* YOUR OBJECTIVE
Output a verbatim copy of the data, cut off after the line that contains "Eine glänzende neue".

* SOURCE RECORDS
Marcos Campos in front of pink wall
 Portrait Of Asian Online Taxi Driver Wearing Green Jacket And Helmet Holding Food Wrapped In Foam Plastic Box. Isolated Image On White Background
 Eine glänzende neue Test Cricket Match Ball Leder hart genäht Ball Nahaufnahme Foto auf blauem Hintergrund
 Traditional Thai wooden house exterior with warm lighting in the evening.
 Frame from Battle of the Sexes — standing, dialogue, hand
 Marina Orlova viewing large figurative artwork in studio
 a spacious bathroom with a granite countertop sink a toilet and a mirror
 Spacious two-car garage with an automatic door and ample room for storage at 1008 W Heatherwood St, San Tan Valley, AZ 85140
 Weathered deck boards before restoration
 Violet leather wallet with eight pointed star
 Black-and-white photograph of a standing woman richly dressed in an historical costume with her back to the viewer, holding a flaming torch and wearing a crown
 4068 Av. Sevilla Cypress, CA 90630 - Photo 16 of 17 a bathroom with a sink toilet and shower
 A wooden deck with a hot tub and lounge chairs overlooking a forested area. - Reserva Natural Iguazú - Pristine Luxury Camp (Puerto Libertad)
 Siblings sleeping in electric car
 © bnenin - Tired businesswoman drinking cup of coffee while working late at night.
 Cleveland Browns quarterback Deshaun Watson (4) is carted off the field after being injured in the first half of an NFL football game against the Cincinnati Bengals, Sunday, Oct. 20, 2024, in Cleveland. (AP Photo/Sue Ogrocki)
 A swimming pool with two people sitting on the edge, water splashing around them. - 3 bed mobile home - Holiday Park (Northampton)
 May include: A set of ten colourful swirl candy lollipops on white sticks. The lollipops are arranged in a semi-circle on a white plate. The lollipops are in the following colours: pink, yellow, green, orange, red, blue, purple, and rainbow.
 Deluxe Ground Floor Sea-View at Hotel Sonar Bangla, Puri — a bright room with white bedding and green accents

* REPLY
Marcos Campos in front of pink wall
 Portrait Of Asian Online Taxi Driver Wearing Green Jacket And Helmet Holding Food Wrapped In Foam Plastic Box. Isolated Image On White Background
 Eine glänzende neue Test Cricket Match Ball Leder hart genäht Ball Nahaufnahme Foto auf blauem Hintergrund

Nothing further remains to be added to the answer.